C’est au pavillon du CNDH que s’est tenue dimanche 10 mai une conférence consacrée aux industries culturelles et créatives, à leurs défis et à leur participation au développement. Trois intervenants ont pris la parole sous la modération de la journaliste Ghita Zine: Yassine Retnani, éditeur et président de la commission livre et édition au sein de la FICC, Latefa Ahrare, directrice de l’Institut supérieur des arts dramatiques et de l’animation culturelle et Sophia Akhmisse, directrice exécutive de la Fondation Ali Zaoua.
Les chiffres posent d’emblée la réalité du secteur. Les industries culturelles représentent 2,4% du produit intérieur brut au Maroc, génèrent 43 milliards de dirhams de revenus et emploient 116.000 personnes, soit 1% de la population active, un taux qui dépasse celui du secteur de la santé.
Yassine Retnani a ouvert son intervention par un constat douloureux. «On vient de perdre Nabil Lahlou et Abdelwahab Doukkali, on est en train de perdre une partie de notre mémoire. La culture, la musique, le théâtre, c’est de la culture immatérielle, c’est notre héritage et ce qu’on veut laisser à nos enfants.»
L’union sacrée pour préserver l’héritage
Fils d’Abdelkader Retnani, fondateur de La Croisée des Chemins, l’une des plus grandes maisons d’édition marocaines, il a grandi dans ce monde avant de choisir d’étudier les métiers du livre en France. «J’ai un espèce de rétroprojecteur qui me suit et que j’analyse.»

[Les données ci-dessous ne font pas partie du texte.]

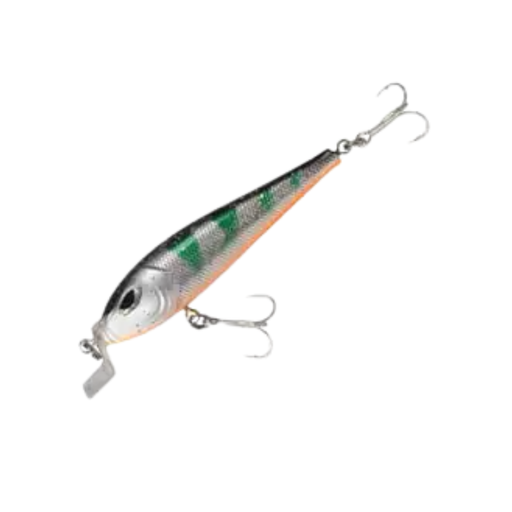 [1210187] Abu Garcia Señuelo Rocket River 7Cm Silver Green Tiger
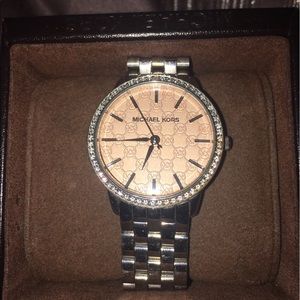 Michael Kors silver watch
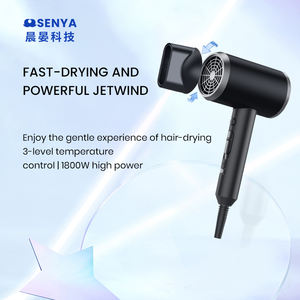 Sèche-cheveux à ions négatifs 1600W, moteur DC 18000 tr/min, séchage rapide professionnel, température constante, faible bruit, électrique, salon, maison - Product Image 4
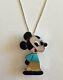 48 Hr Sale! Native American Mickey Mouse Turquoise Pin Pendant Sterling Chain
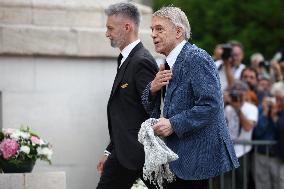 Funeral Of Iconic French Singer Francoise Hardy - Paris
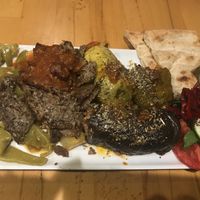 A bit of everything  at Vegan Community Kitchen in Istanbul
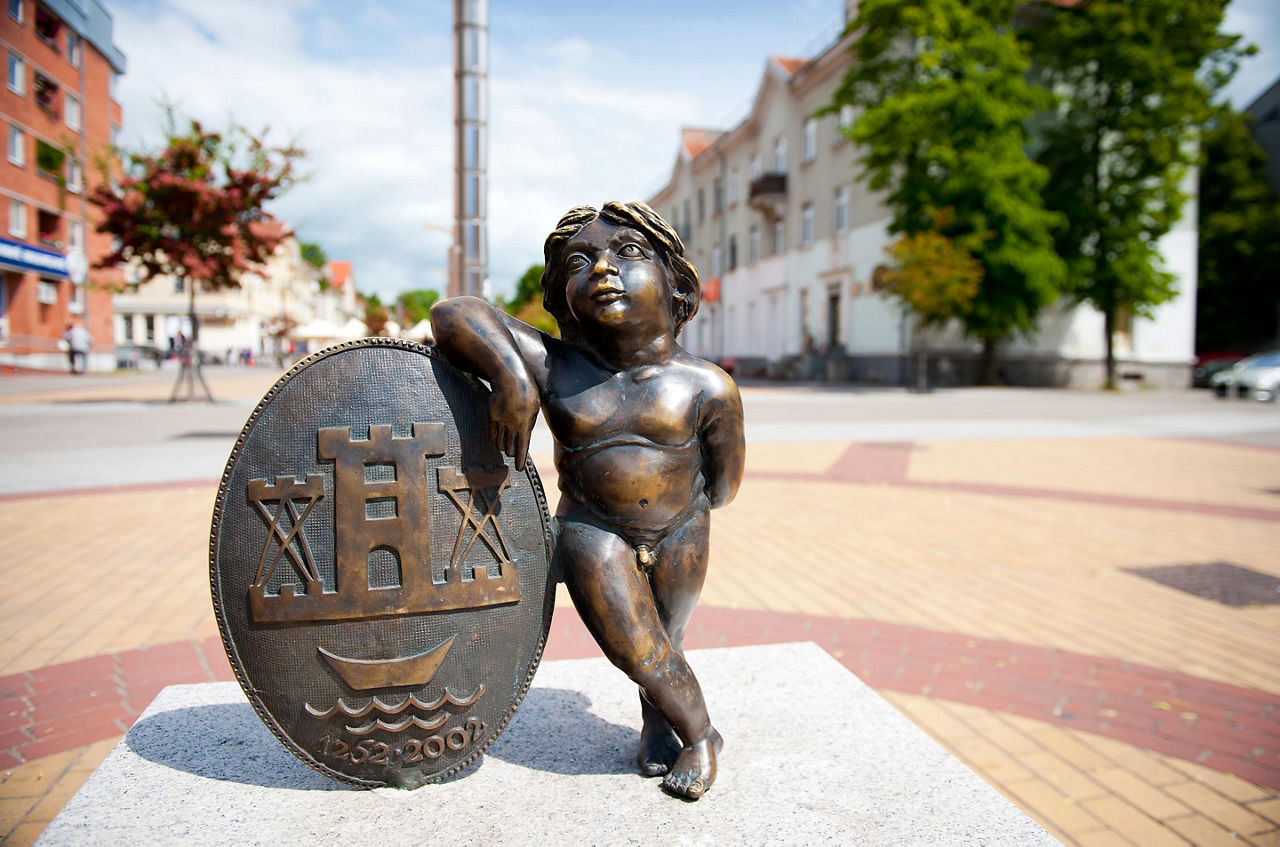 A sculpture in Klaipeda, Lithuania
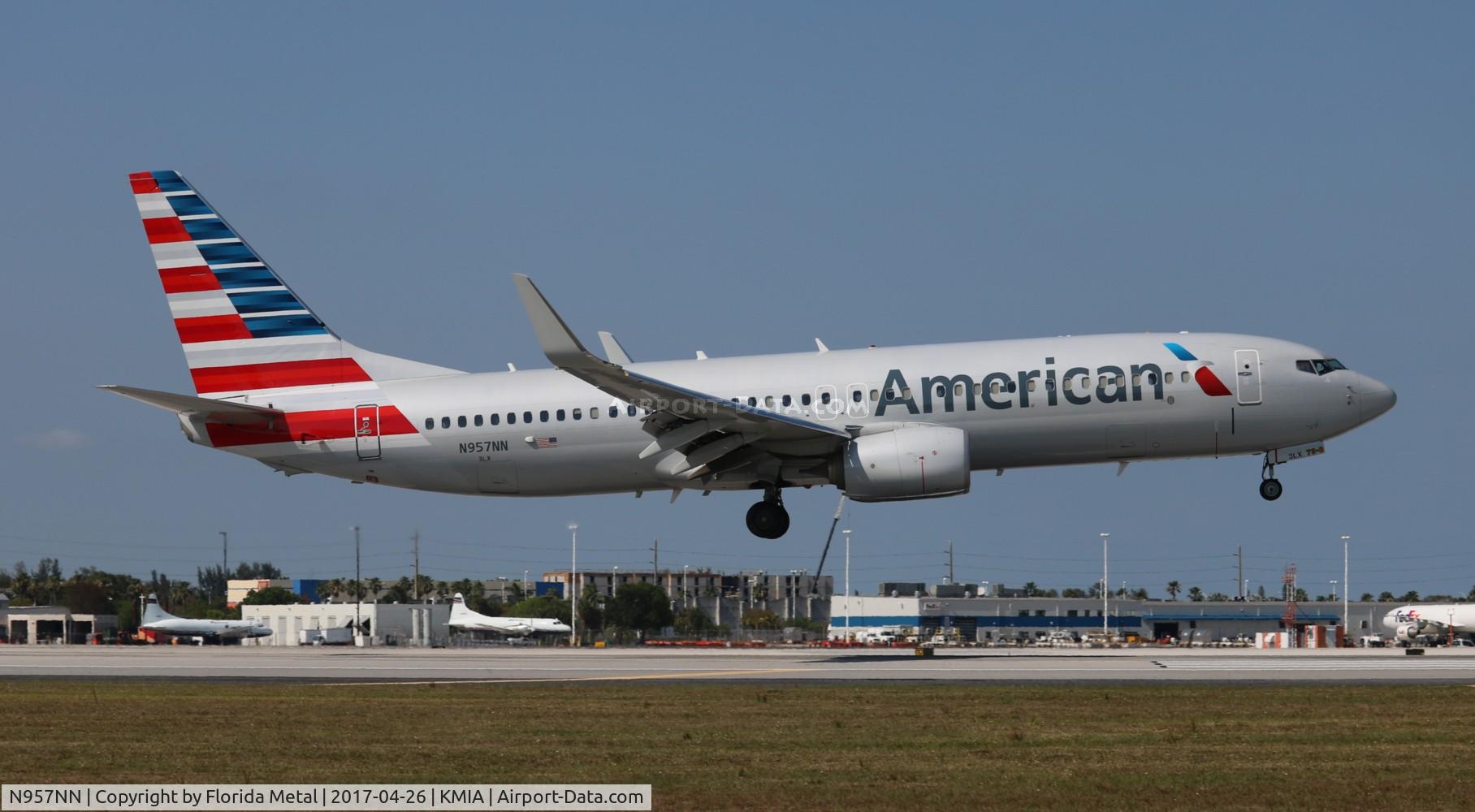N957NN, 2014 Boeing 737-823 C/N 31202, MIA spotting 2017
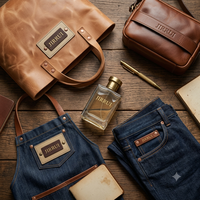 Étiquette en cuir PU personnalisée en rouleau, fabriquée en usine, avec bord découpé au laser et design écologique gaufré à chaud pour jeans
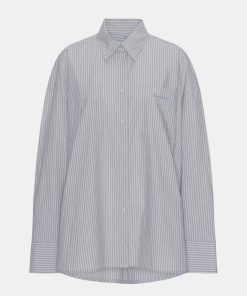 Kvinde Remain Skjorter | Poplin Oz Shirt L/S English Manor Comb.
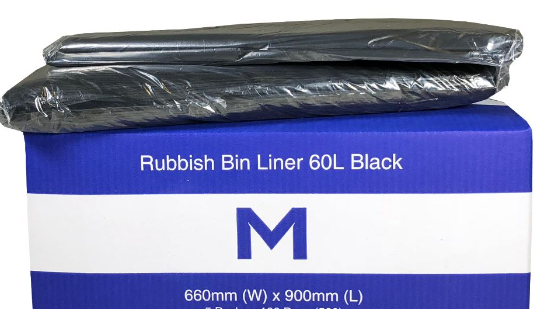 Recycled Bin Liners 60L- 50pk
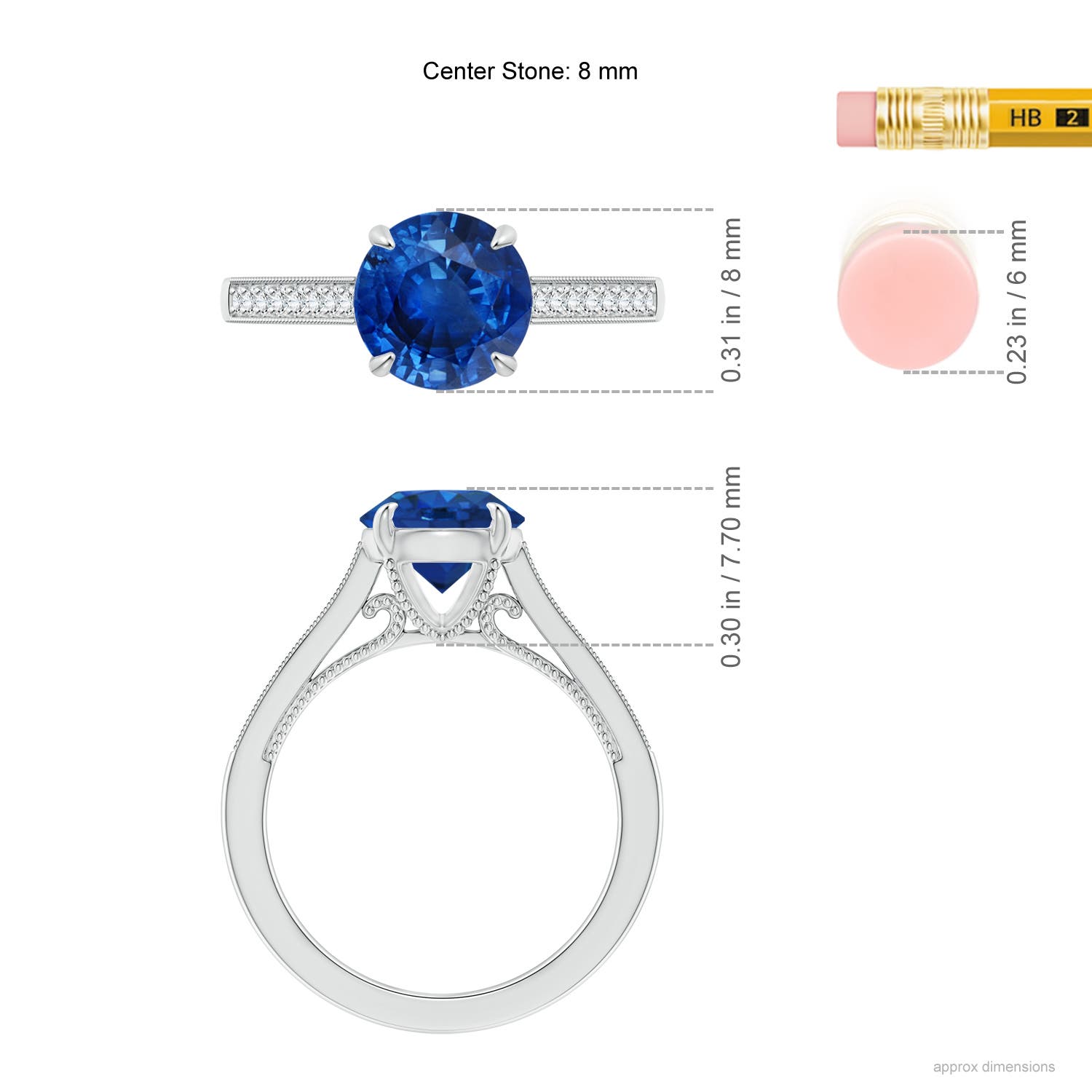 AAA - Blue Sapphire / 2.39 CT / 14 KT White Gold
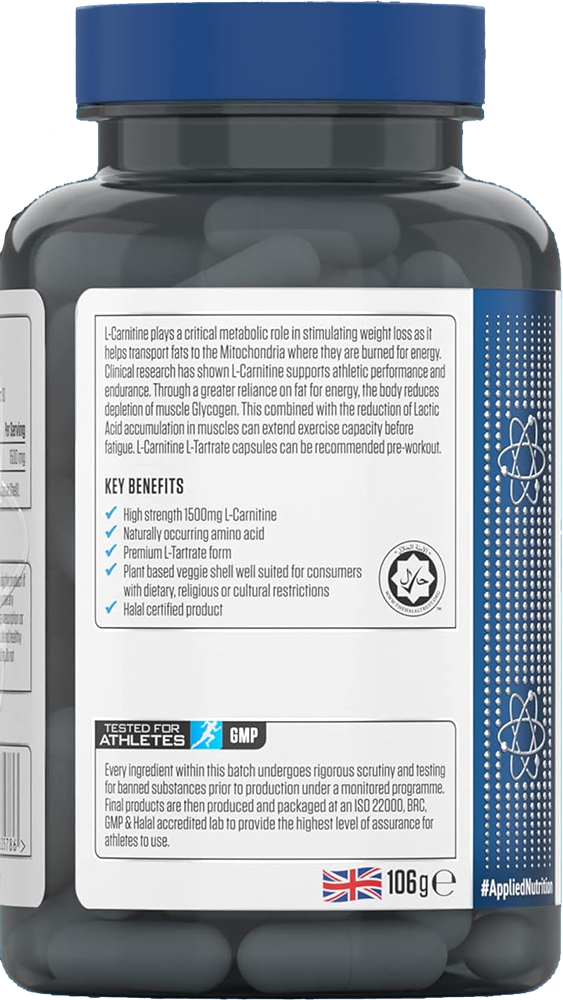 Applied Nutrition L-Carnitine 1500 (120 gélules)
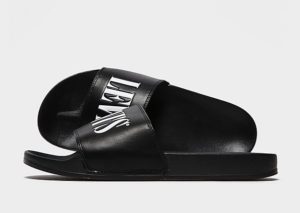 Levis June Serif Slides (Black/White)
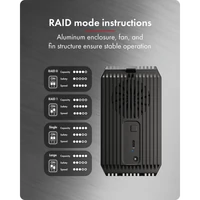 RAID sustav ICYBOX IB-RD3720-CU3, za 2x 3.5"/2.5" SATA HDD/SSD, RAID prekidač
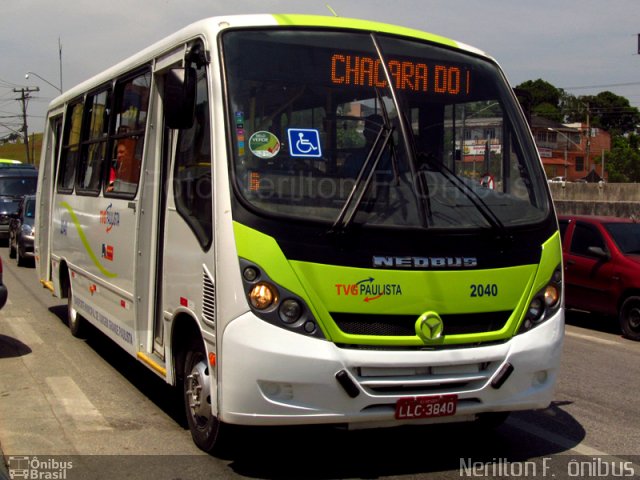 TVG Paulista - Transportadora Vargem Grande Paulista 2040 na cidade de Vargem Grande Paulista, São Paulo, Brasil, por Nerilton F.  ônibus. ID da foto: 1324338.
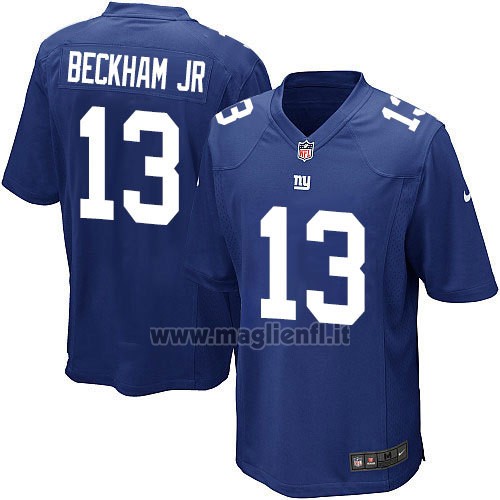 Maglia NFL Game Bambino New York Giants Beckham JR Blu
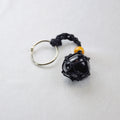 Keychain with a natural Tourmaline stone on a cord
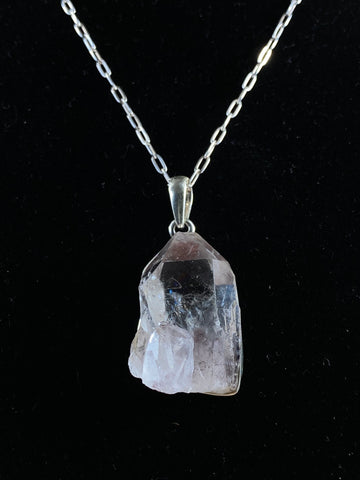 Pendant Lepidocrocite In Quartz Phantom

Il a retracé la genèse de la Fédération des industries culturelles et créatives, créée en 2017 par Meryem Bensalah et Neila Tazi avec le concours de son père. «L’idée était de fédérer tous ces acteurs culturels qui travaillent dans l’ombre dans une grande solitude. Pourtant, ils génèrent du chiffre d’affaires, emploient des gens qui participent au rayonnement du pays.» La FICC regroupe aujourd’hui l’édition, le cinéma, l’audiovisuel, le gaming, les arts numériques, le design, les arts visuels, le spectacle vivant, la publicité, l’architecture et la mode. «L’objectif c’est de porter notre voix, d’analyser nos problèmes, de former, de chercher des financements. Un entrepreneur tout seul ne peut pas le faire ou n’en a pas le temps.»
Parmi les victoires concrètes, Yassine Retnani a cité l’obtention pour Rabat du titre de Capitale mondiale du Livre et de la lecture, fruit de dix ans d’acharnement collectif, ainsi que la création du Label Librairies du Maroc, un agrément délivré par le ministère pour réguler la chaîne du livre. «Représenter le Maroc dans un salon international, exposer sa production, c’est aussi porter avec soi tous ceux qui aiment ce pays, tous les Marocains qui vivent là-bas. Ça c’est quelque chose d’important.»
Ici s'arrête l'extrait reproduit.